Africans dragged in chains to a new continent. Infants ripped from the arms of their mothers so the women could be sold at auction. The lynching of 14-year-old Emmett Till. Fannie Lou Hamer’s testimony to at the 1964 Democratic National Convention. Rosewood. Tulsa. Detroit.

We’re often asked to marvel that slaves and their descendants held onto their humanity despite this onslaught. But what of slave-owners and their descendants? How did they hold onto their humanity while committing atrocities? Or turning a blind eye to brutality? Or growing up believing that as long as you are polite to your "inferiors," it's okay to believe the savage lie of superiority? Those too are questions we should consider.

Violence is a coin we hold as Americans. We can all tap into the resilience of those who suffered. We'll need it to face how we have been shaped by exacting suffering.

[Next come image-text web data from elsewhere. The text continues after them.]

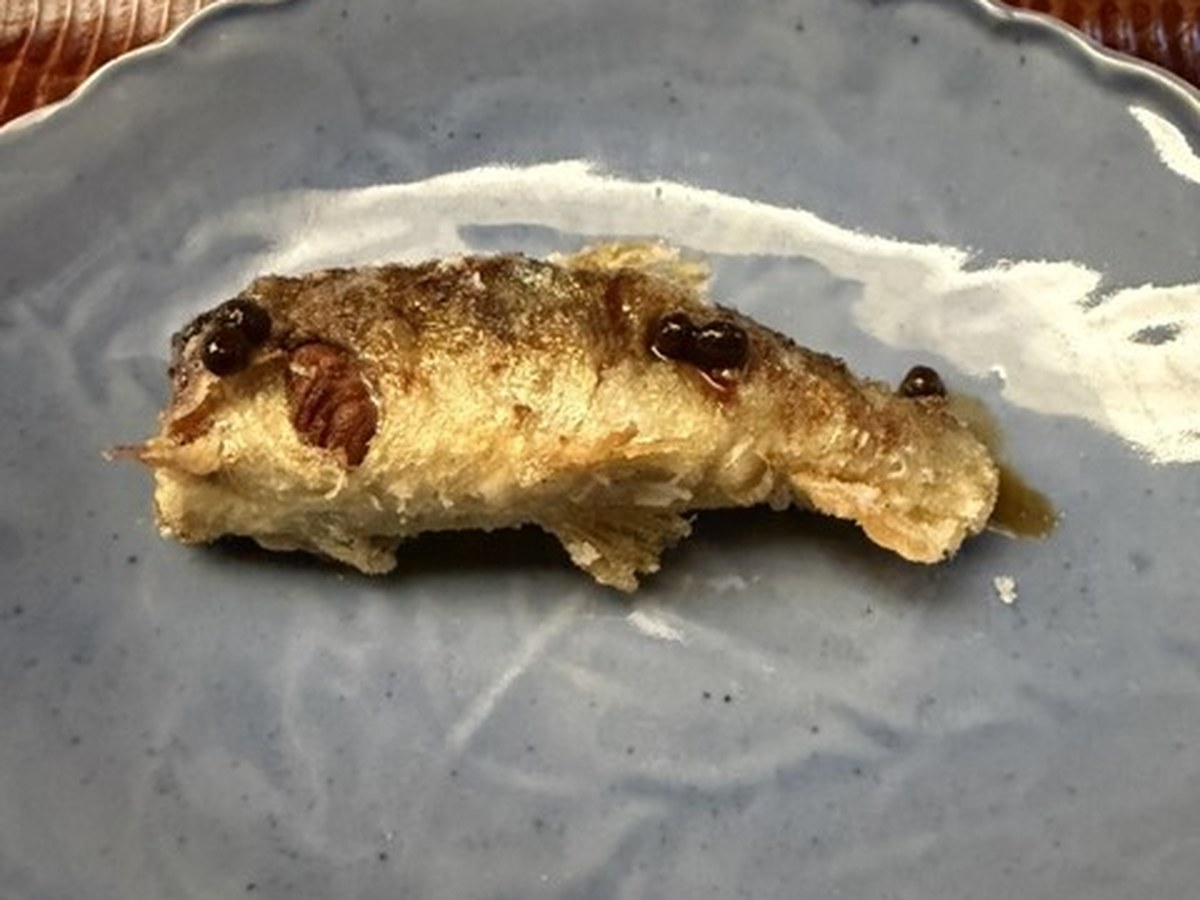 緒方で実際にいただいた料理（8/10）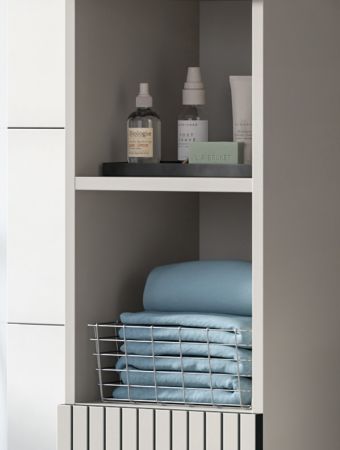Badm�bel Set 4-teilig Livia in Kaschmir Badkombination 150 x 192 cm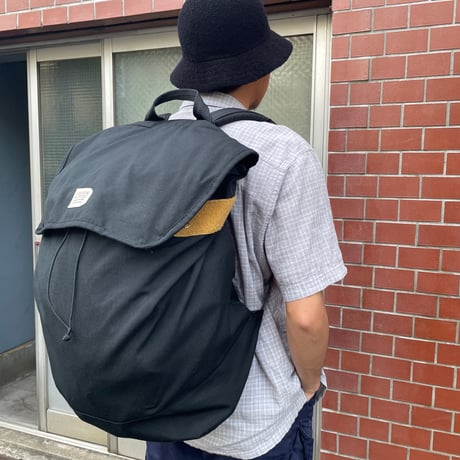 [USED] BIG !! BLACK BACK PACK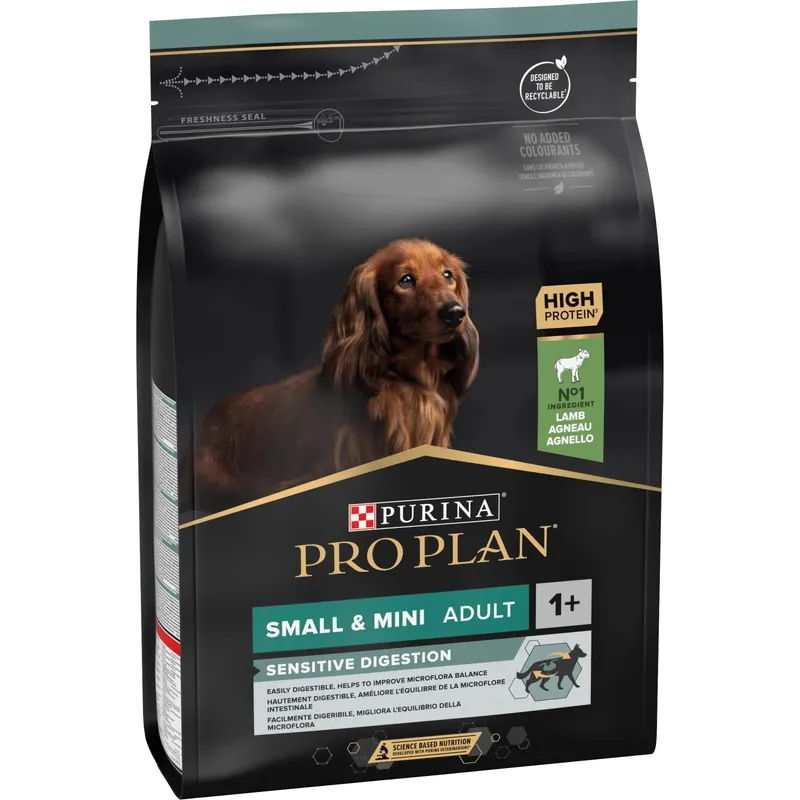 Bestel Nu Cibo secco Agnello Purina ProPlan Small & Mini Adult Sensitive Digestion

"Everyone always wants to be right." When I heard that from a friend from South Africa, which holds a coin similar to America's, I thought of our habit of shutting down anyone who tells a truth that makes us uncomfortable. Of twisting a challenging question into something we can answer with glib contempt. Of insisting on winning at the expense of understanding.

We are quick to indulge in fear and anger. Those emotions distract us from a darker knowledge of ourselves.

Our history is an ambiguous penny we can neither spend nor discard. We have to hold onto it like a talisman: a reminder that asserting our better selves can't be left to chance.